People who buy product from my shop, have it installed and set-up at no additional cost. People who are capable of buying on-line, and doing the work themselves properly, are a rare breed. People that buy stuff on-line, and then bring it to me for set-up, pay for my service and knowledge, period. If I am not making any money on the arrow rest, then why would I take the time to set it up for free. Makes no sense. Wages, electricity, and even paper tuning supplies cost the shop money. The product sold on-line, can be sold cheaper, because there IS NO SERVICE. A proper arrow rest set-up, and paper tune, takes about 30 minutes to do properly. There is a built in cost to the product at the retail level, to cover the set-up. Even if someone has the ability to set-up the product themselves, their personal time is also worth money. So, in reality, they are not really saving any money. Plus, unless a substantial amount of product in purchased on-line, there is always a shipping charge. Again, WHAT SAVINGS. Try getting a replacement limb for a bow bought on-line.
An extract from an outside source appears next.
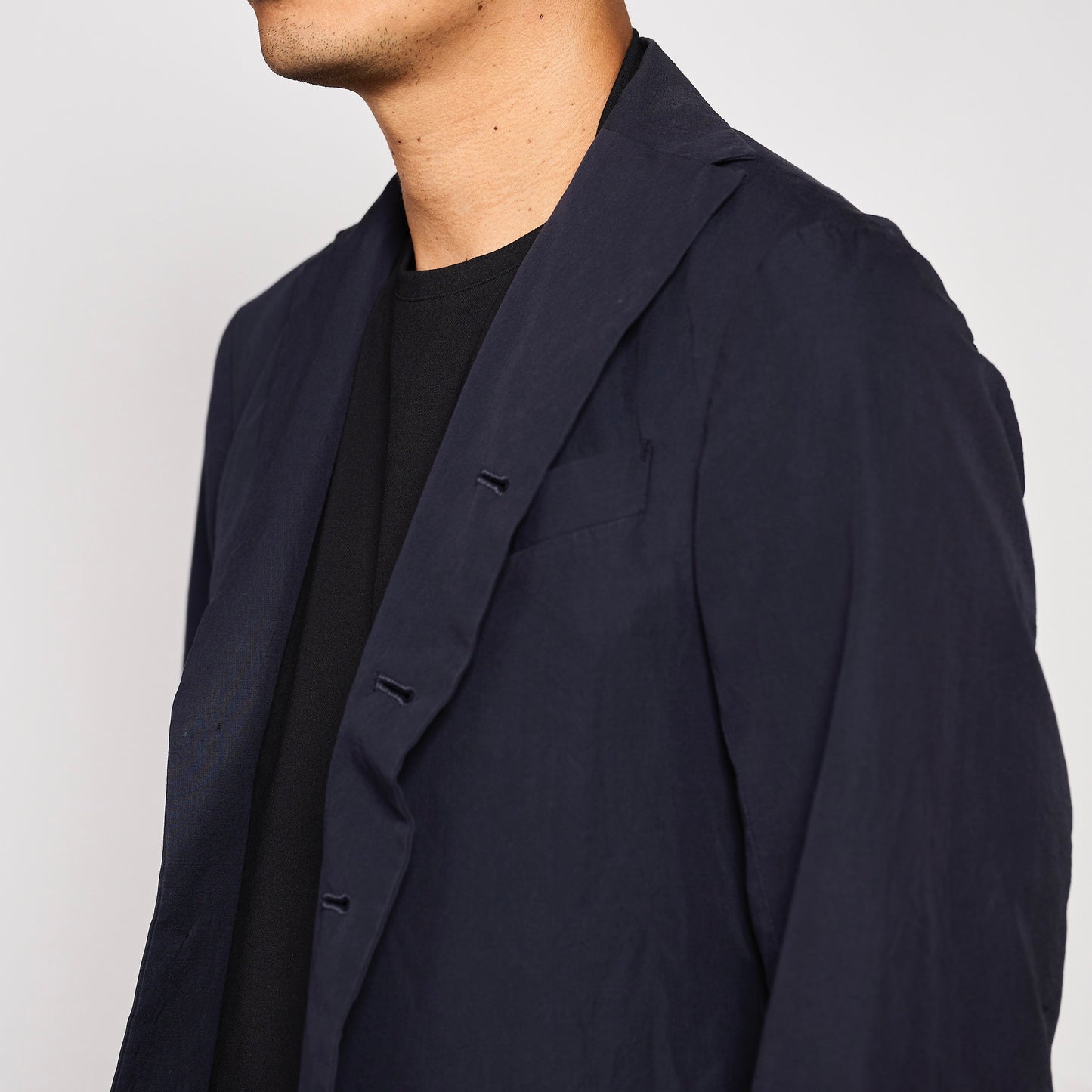 Jacket Inner Tee — Raised Collar, UV-Cut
GOOD LUCK. I cannot speak for other retail stores, but I can for mine. When I purchace a product from my wholesaler for $40, I retail it our for $65. For that $25 profit, I set it up, and get the archer hitting the target before they leave. The time it takes to do that substantially eats in to the $25 profit, but that customer will be back. Any person who has had a bad experience in a retail archery store, I would like a chance to renew their faith. Come to Peterborough, ask for Tim, and get the job done right the first time. Yes I'm bragging, but 26 years of archery retail experience gives me that right. Tim


----------



## CLASSICHUNTER

big problem is canadian pricing.. why do we pay so much and are gouged by suppliers.. spark plugs for my truck are 16.95 each here in canada.. yet I can drive to parts source in usa 40 minuets away and pay 2.95 each in the gm delco box..thats a 112 dollar saving ... how come???? same for most items .. funny though some archery stuff very similar costs on some items others not so...


----------



## Durhampro

Tim is right about service being an added value, and his shop and customer service are excellent. (Even though he shoots the wrong brand of bow! (Ooops Sorry Tim)) 

Tim and Bill at Saugeen Shafts run a great shop/indoor range and Bill and Tim are also excellent coaches and bow techs. 

The only other dealer that I would highly recommend would be Moosemeat Archery, Doug has a small pro-shop, but his customer service and pricing are excellent. 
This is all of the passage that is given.